Deputy Prime Minister Trinh Dinh Dung, meanwhile, addressed a conference on boosting land accumulation held in northern Vinh Phuc province on April 14, where he noted that it is necessary to carefully study the impact of land accumulation on society, agriculture, and the environment, especially the relaxation of land limits, to ensure the benefits of the State and of farmers. He urged those present to identify solutions to the conflict between land accumulation and the stability of local livelihoods and to also study effective land accumulation models.

Pioneering groups

While opinions are mixed, the land accumulation experiment in Ha Nam province has seen positive results. Investors are coordinating with authorities to renovate infrastructure such as canals and roads and to build greenhouses to prepare for the deployment of high-tech agriculture. Farming households that have handed over their land to the province are employed by the new owner on average monthly salaries of about VND3 million ($130) to VND4 million ($175). 

Local farmers not only earn income from land rentals but also receive vocational training. “Under the high-tech agricultural model, we expect sales to reach VND3 billion ($132,000) per hectare in 2017,” said Ms. Lien from Ha Nam High-tech Agricultural Development and Investment. “This is certainly a good sign for the agriculture sector in Ha Nam province and a new milestone in the development of high-tech agriculture.” 

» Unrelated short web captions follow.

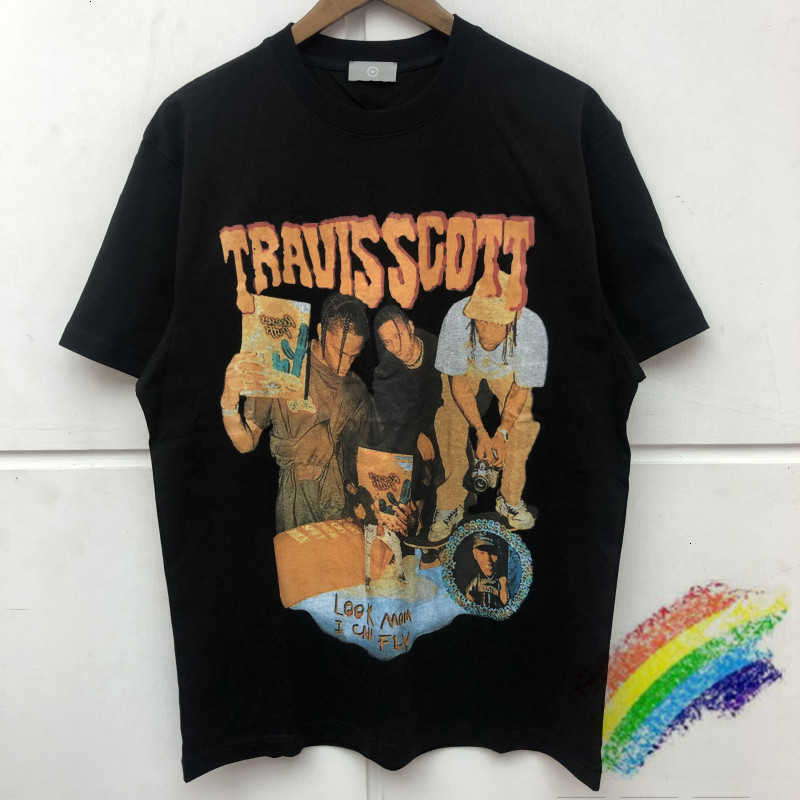 

Men's T-Shirts t shirts Cactus Jack Travis Scott x R eese's P uffs Enjoy Today T shirt Men Women Heavy Fabric Tops Tee Over K8F2, White;black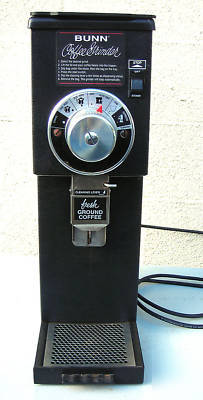 Bunn gourmet coffee grinder (model G1 hd, black)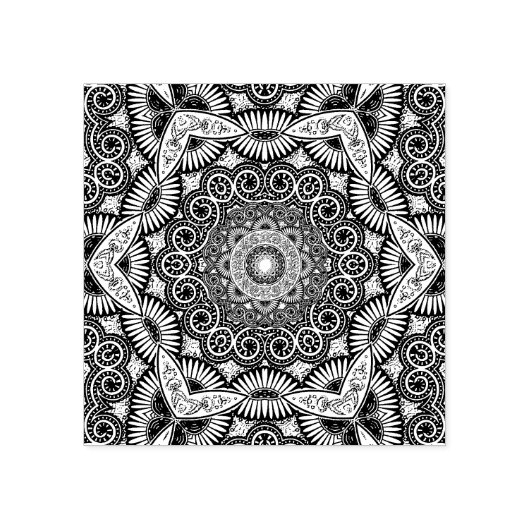 Mandala geometrisch ontwerp rubberstempel (Afrduk)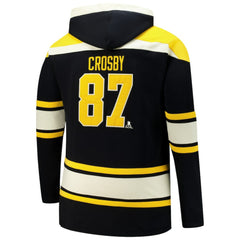Sidney Crosby Pittsburgh Penguins '47 Big & Tall Lace-up Pullover Hoodie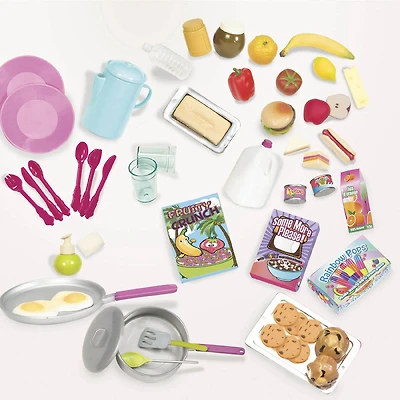R.V. Seeing You Camper Accessory Set, Our Generation, Ensemble d'aliments pour poupées de 18 po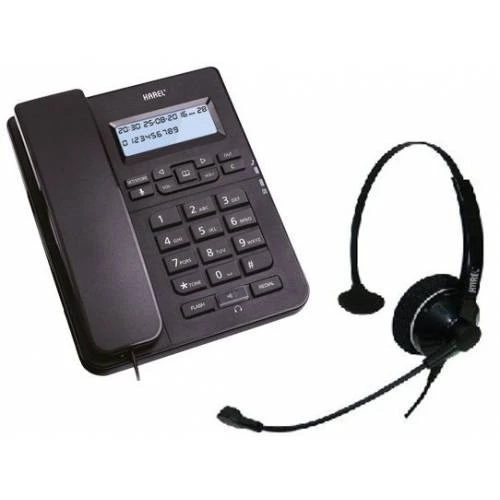 Karel TM145 Karel RJ9 Kulaklıklı Masaüstü Telefon Siyah ürün görseli 1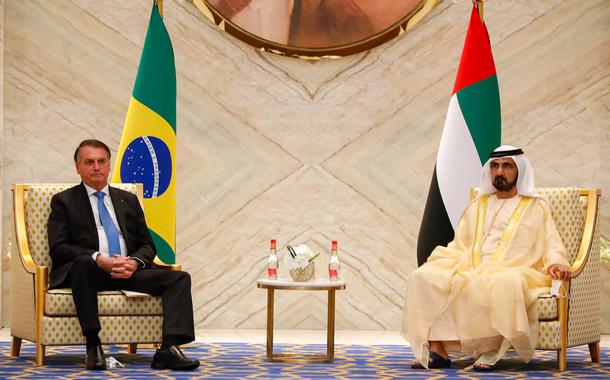 Reunião Bilateral com o Emir de Dubai, Mohammed bin Rashid Al Maktoum. 13/11/2021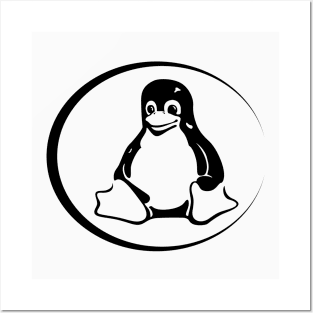 Linux Tux Posters and Art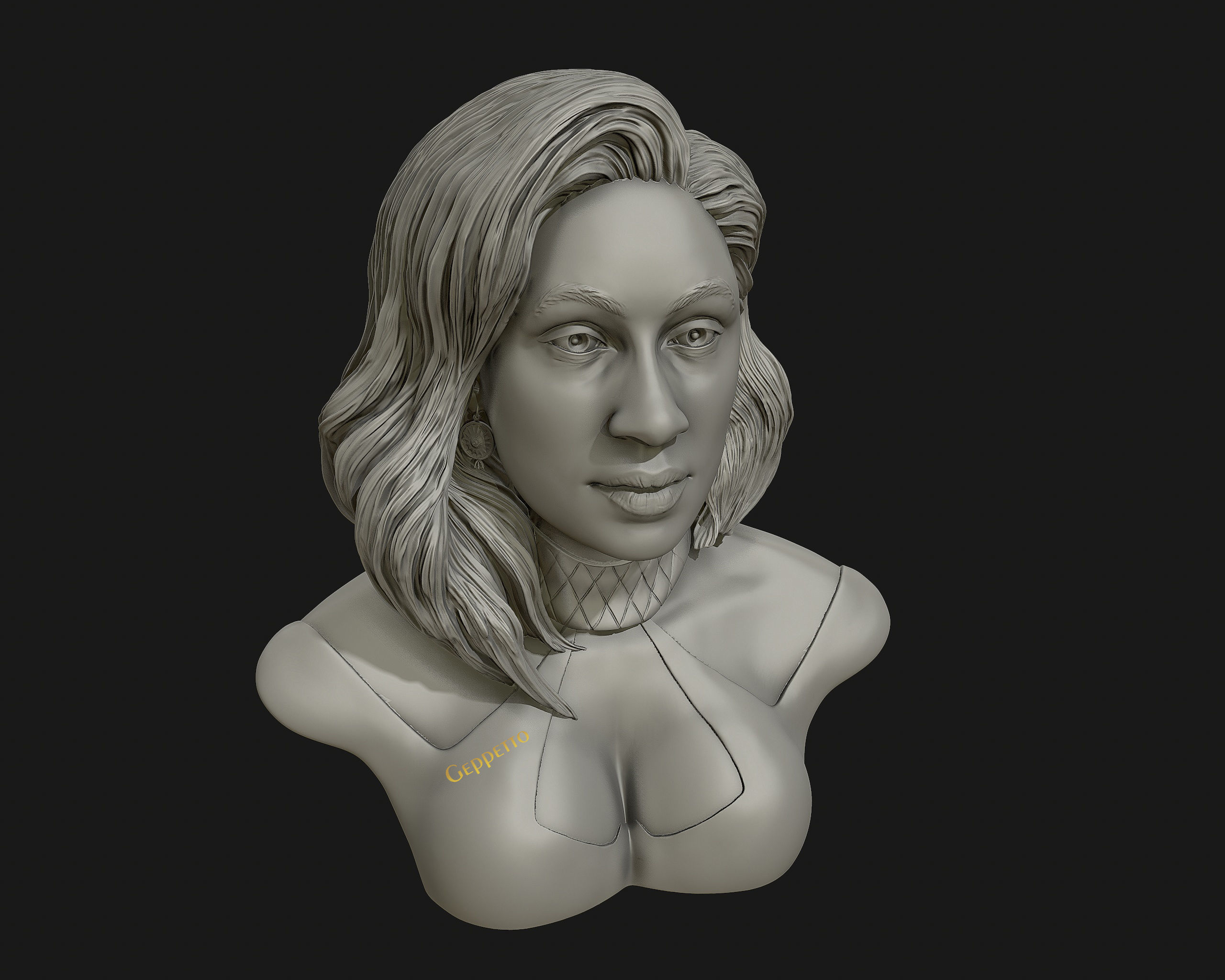 Cardi B 3D model Ready to 3D print 3D print model_14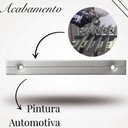 Ver imagem 3 de Kit 15 Puxador Port Gavet Móveis Cozinha Drop Alumínio 125mm - Prata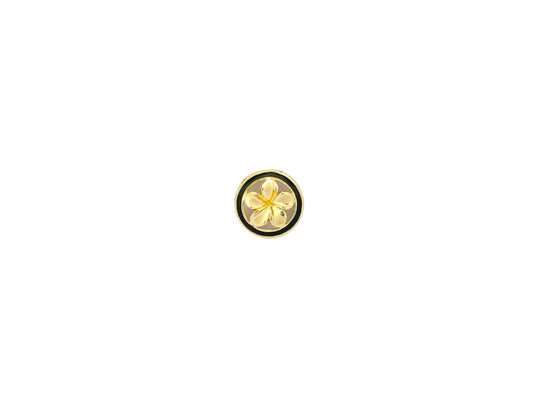 14K #1 Circle Plumeria Pendant BB — Hawaiian jewelry from Ashley's Gift Shop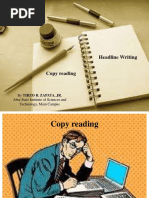 Steps in Copyreading & Headline Writing | PDF | Copy Editing | Mass Media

Ms. Thai Huong, Chairwoman of the TH Group, recently made a bold claim: “If I had enough land, the central highlands would witness tremendous change within three years.” It was no idle boast, given her efforts in the north-central province of Nghe An to establish a successful and large-scale dairy farm. She added, though, that it was not all smooth sailing. Unlike industrial projects, in order to carry out agricultural projects, businesses and local governments have to work very hard to convince farmers and households to lease their land. “It was a tiring, time-consuming, expensive process, and required the business to be really persuasive,” she was quoted as saying. 

Vingroup, meanwhile, had to negotiate with over 3,000 households to get hold of just 140 ha of alluvial land in northern Nam Dinh province to establish a farm producing clean vegetables. Not all of them said yes, however, so the local government had to do a lot of “rearranging” to meet the company’s demand for large, connected, uninterrupted land areas.